• **Assignment**:
Here is the listing. Print it exactly.

• **Raw data**:
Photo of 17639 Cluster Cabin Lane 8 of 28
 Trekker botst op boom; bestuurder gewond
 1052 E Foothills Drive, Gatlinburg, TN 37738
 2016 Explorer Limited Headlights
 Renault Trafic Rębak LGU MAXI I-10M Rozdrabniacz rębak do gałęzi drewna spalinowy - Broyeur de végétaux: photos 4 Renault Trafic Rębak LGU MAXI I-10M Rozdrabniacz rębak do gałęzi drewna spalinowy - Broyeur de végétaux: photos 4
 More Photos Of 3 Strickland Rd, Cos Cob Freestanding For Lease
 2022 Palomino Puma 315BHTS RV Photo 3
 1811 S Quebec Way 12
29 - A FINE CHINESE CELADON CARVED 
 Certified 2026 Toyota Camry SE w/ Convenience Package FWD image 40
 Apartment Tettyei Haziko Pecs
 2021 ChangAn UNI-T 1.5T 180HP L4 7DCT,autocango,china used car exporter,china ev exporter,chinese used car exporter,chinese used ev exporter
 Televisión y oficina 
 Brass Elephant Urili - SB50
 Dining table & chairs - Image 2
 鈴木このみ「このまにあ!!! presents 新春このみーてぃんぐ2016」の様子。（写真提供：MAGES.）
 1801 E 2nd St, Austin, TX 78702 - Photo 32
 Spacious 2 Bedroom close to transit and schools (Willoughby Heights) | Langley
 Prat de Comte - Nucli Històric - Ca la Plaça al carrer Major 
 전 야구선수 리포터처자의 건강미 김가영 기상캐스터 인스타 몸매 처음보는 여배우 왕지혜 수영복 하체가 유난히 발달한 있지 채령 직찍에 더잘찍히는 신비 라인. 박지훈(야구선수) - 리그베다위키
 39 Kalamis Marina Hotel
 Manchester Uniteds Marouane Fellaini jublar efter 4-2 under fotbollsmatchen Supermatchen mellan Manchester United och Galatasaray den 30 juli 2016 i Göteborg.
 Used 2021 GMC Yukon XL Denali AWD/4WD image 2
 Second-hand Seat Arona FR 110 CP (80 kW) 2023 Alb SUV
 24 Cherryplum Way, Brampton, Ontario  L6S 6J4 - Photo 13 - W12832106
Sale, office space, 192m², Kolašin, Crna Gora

• **Response area**:
Photo of 17639 Cluster Cabin Lane 8 of 28
 Trekker botst op boom; bestuurder gewond
 1052 E Foothills Drive, Gatlinburg, TN 37738
 2016 Explorer Limited Headlights
 Renault Trafic Rębak LGU MAXI I-10M Rozdrabniacz rębak do gałęzi drewna spalinowy - Broyeur de végétaux: photos 4 Renault Trafic Rębak LGU MAXI I-10M Rozdrabniacz rębak do gałęzi drewna spalinowy - Broyeur de végétaux: photos 4
 More Photos Of 3 Strickland Rd, Cos Cob Freestanding For Lease
 2022 Palomino Puma 315BHTS RV Photo 3
 1811 S Quebec Way 12
29 - A FINE CHINESE CELADON CARVED 
 Certified 2026 Toyota Camry SE w/ Convenience Package FWD image 40
 Apartment Tettyei Haziko Pecs
 2021 ChangAn UNI-T 1.5T 180HP L4 7DCT,autocango,china used car exporter,china ev exporter,chinese used car exporter,chinese used ev exporter
 Televisión y oficina 
 Brass Elephant Urili - SB50
 Dining table & chairs - Image 2
 鈴木このみ「このまにあ!!! presents 新春このみーてぃんぐ2016」の様子。（写真提供：MAGES.）
 1801 E 2nd St, Austin, TX 78702 - Photo 32
 Spacious 2 Bedroom close to transit and schools (Willoughby Heights) | Langley
 Prat de Comte - Nucli Històric - Ca la Plaça al carrer Major 
 전 야구선수 리포터처자의 건강미 김가영 기상캐스터 인스타 몸매 처음보는 여배우 왕지혜 수영복 하체가 유난히 발달한 있지 채령 직찍에 더잘찍히는 신비 라인. 박지훈(야구선수) - 리그베다위키
 39 Kalamis Marina Hotel
 Manchester Uniteds Marouane Fellaini jublar efter 4-2 under fotbollsmatchen Supermatchen mellan Manchester United och Galatasaray den 30 juli 2016 i Göteborg.
 Used 2021 GMC Yukon XL Denali AWD/4WD image 2
 Second-hand Seat Arona FR 110 CP (80 kW) 2023 Alb SUV
 24 Cherryplum Way, Brampton, Ontario  L6S 6J4 - Photo 13 - W12832106
Sale, office space, 192m², Kolašin, Crna Gora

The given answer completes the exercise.